## Exercise details
Copy every entry exactly, but skip the pictures.

(Excerpts from a dataset)
----
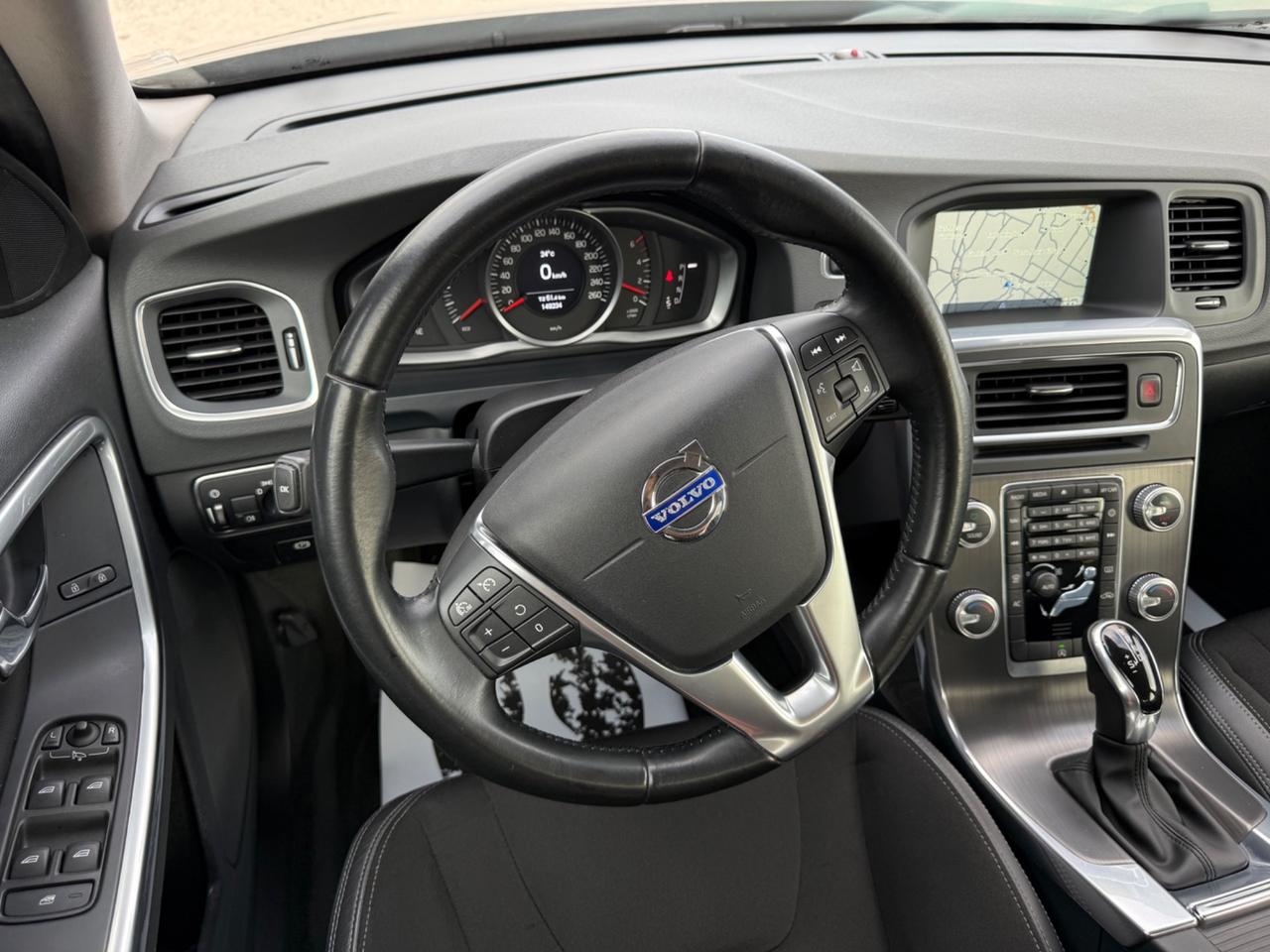 Volvo S60 D4 R-design UNICO TOP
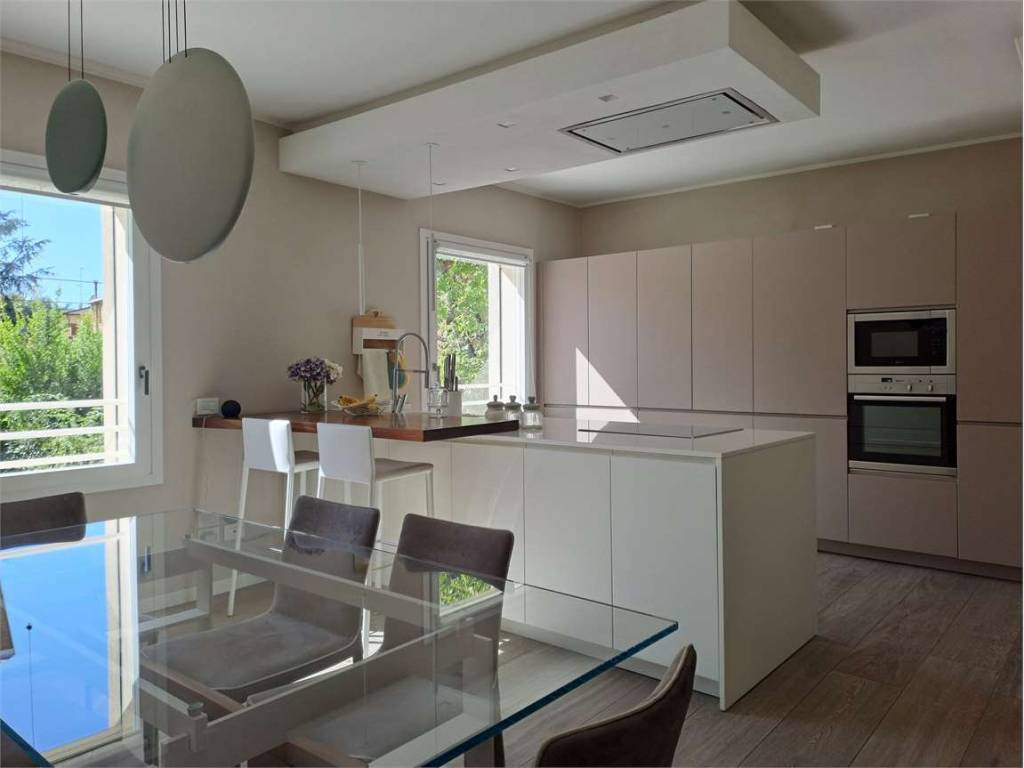 casa indipendente in vendita a Modena in zona San Faustino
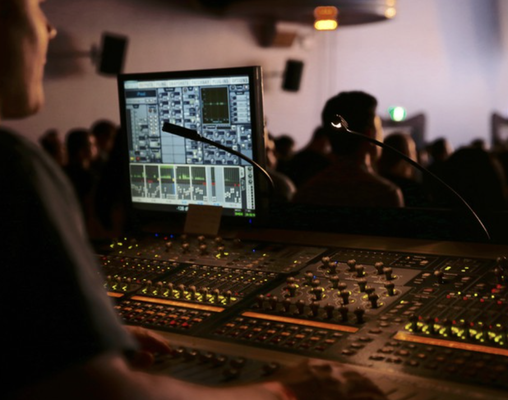 AUDIO VISUAL STAFFING SOLUTIONS - All Pro Solutions offers Audiovisual technician staffing (Audio Techs, Video techs, Lighting techs,
Camera operators & stagehands)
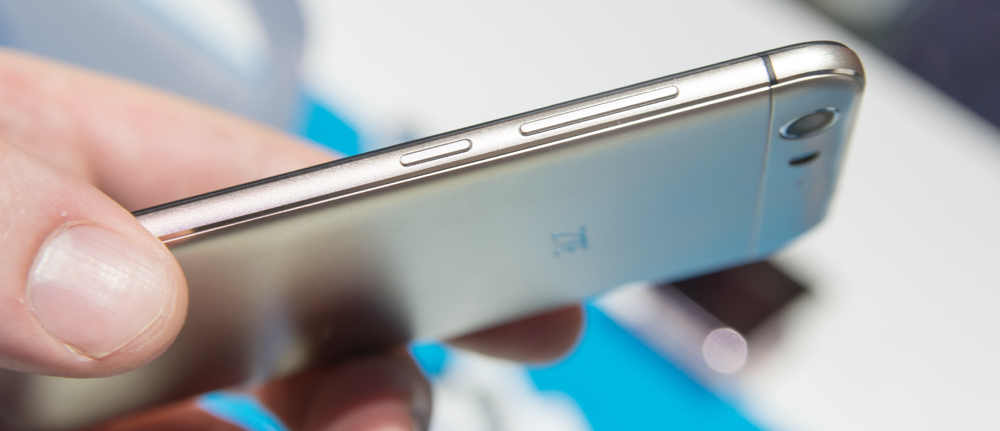 Blade V6 er en syltynn og lett telefon bygget i aluminium. Du kan sette i to SIM-kort, eller bruke den ene plassen til minnekort.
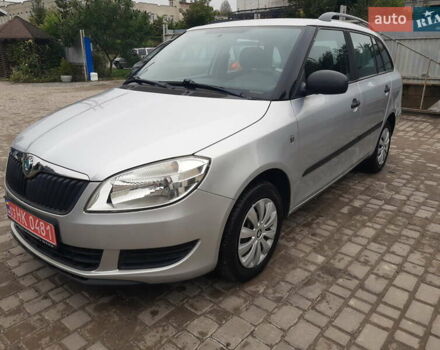 Серый Шкода Фабия, объемом двигателя 1.39 л и пробегом 181 тыс. км за 6350 $, фото 5 на Automoto.ua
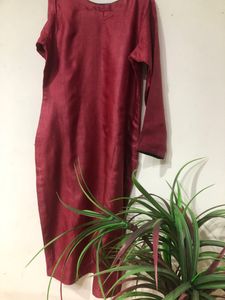 Red Maroon Silk Kurta With Pipin In Front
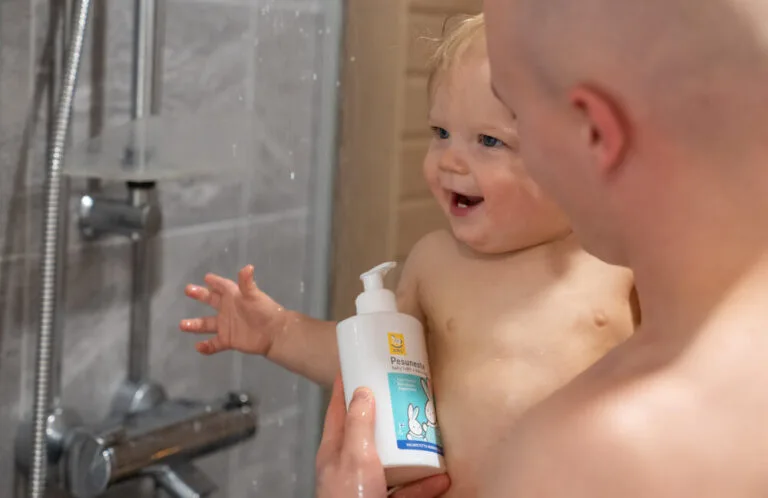 Vauva vanhemman kanssa suihkussa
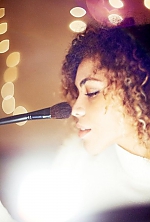 Nina , 28 years old – light brown hair,  black eyes from Nikopol, Ukraine - Photo 294616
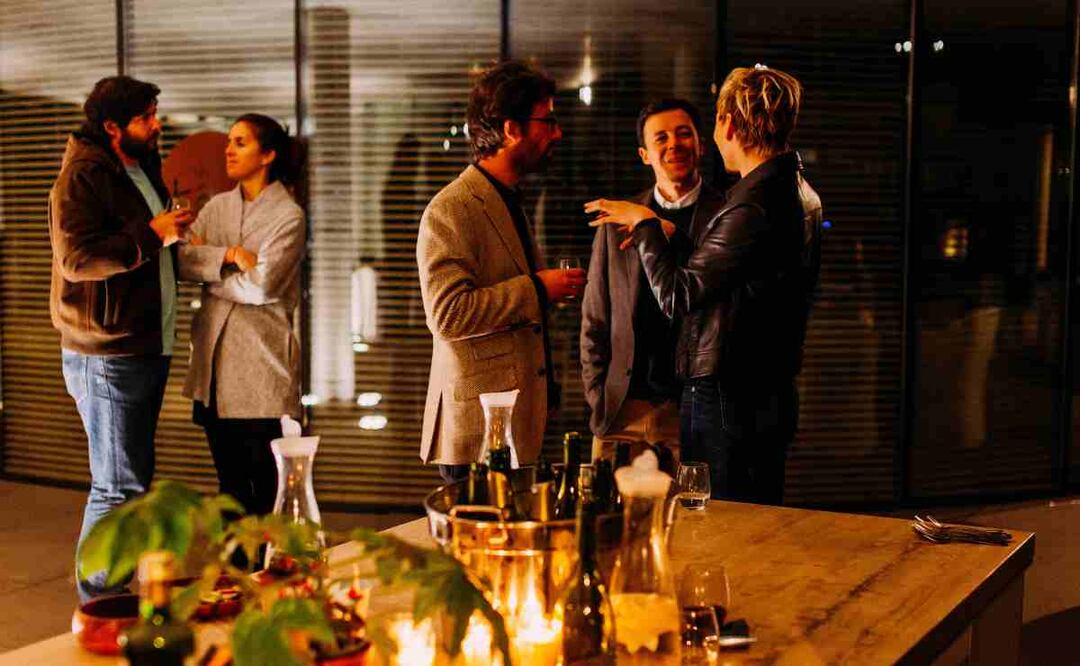 Chismecitos faranduleros y otros temas que NO debes tocar en tu cena navideña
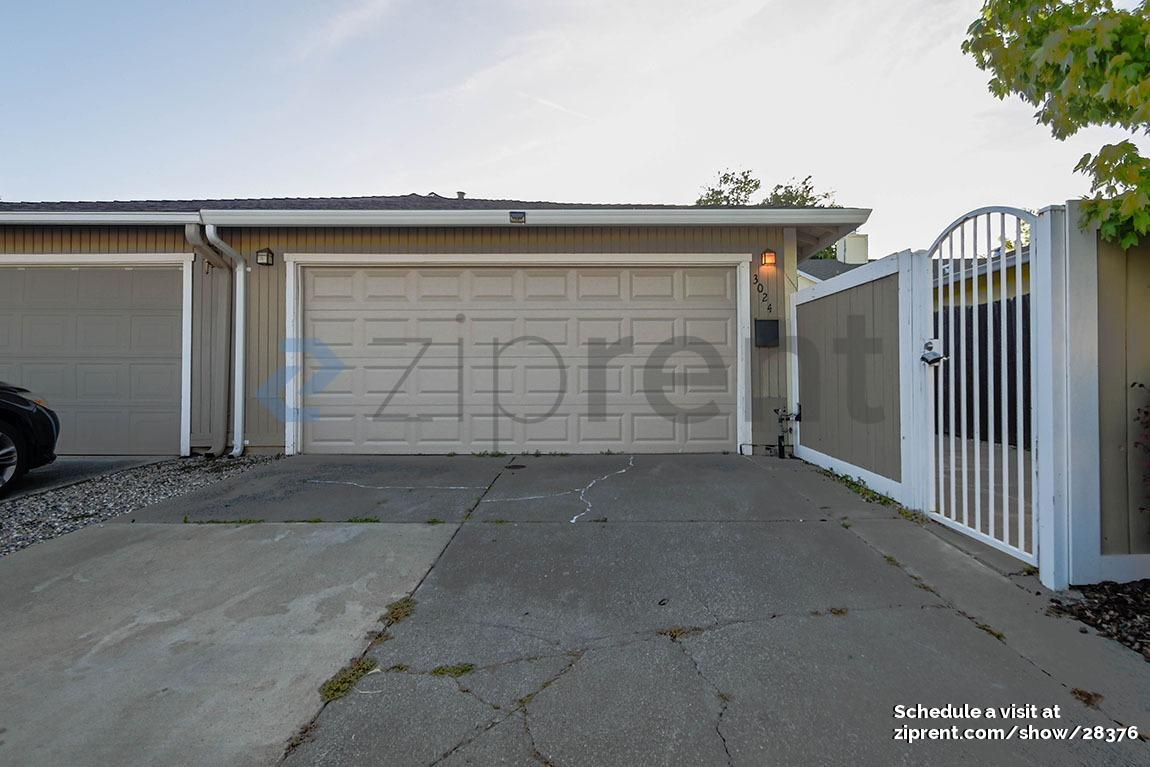 Primary Photo - 3024 53rd St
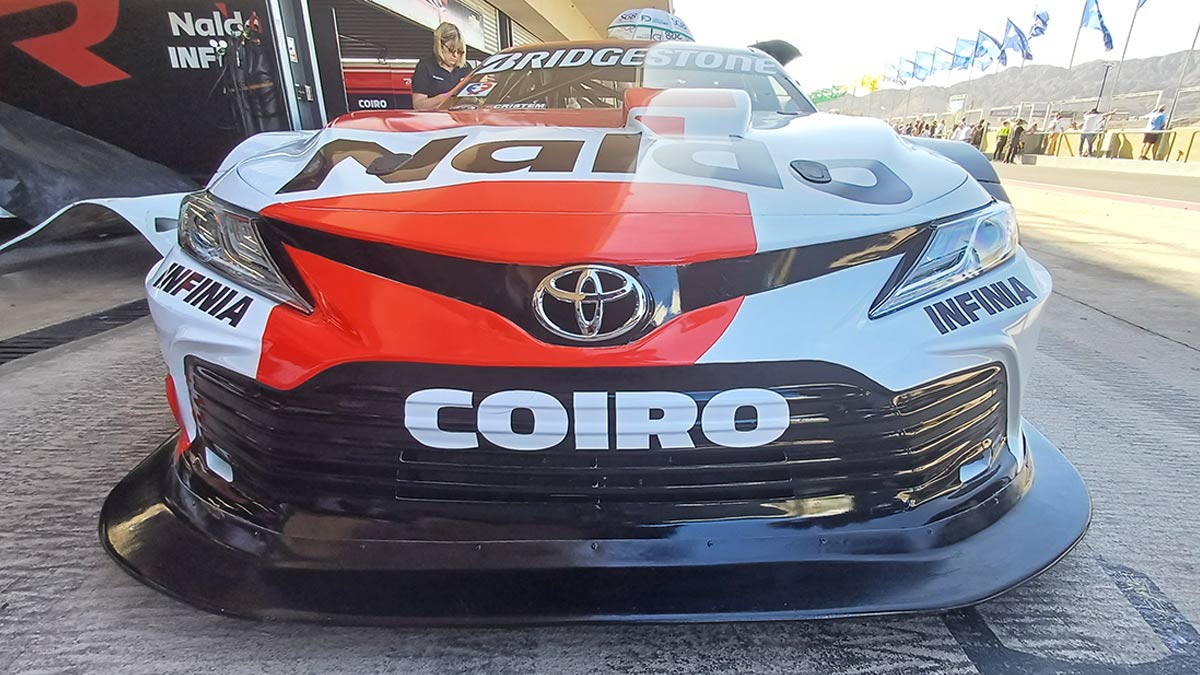 Frente del Toyota Camry.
----
## Reply
 Volvo S60 D4 R-design UNICO TOP
 casa indipendente in vendita a Modena in zona San Faustino
 AUDIO VISUAL STAFFING SOLUTIONS - All Pro Solutions offers Audiovisual technician staffing (Audio Techs, Video techs, Lighting techs,
Camera operators & stagehands)
 Blade V6 er en syltynn og lett telefon bygget i aluminium. Du kan sette i to SIM-kort, eller bruke den ene plassen til minnekort.
 Серый Шкода Фабия, объемом двигателя 1.39 л и пробегом 181 тыс. км за 6350 $, фото 5 на Automoto.ua
 Red Maroon Silk Kurta With Pipin In Front
 Vauva vanhemman kanssa suihkussa
 Nina , 28 years old – light brown hair,  black eyes from Nikopol, Ukraine - Photo 294616
 Chismecitos faranduleros y otros temas que NO debes tocar en tu cena navideña
 Primary Photo - 3024 53rd St
 Frente del Toyota Camry.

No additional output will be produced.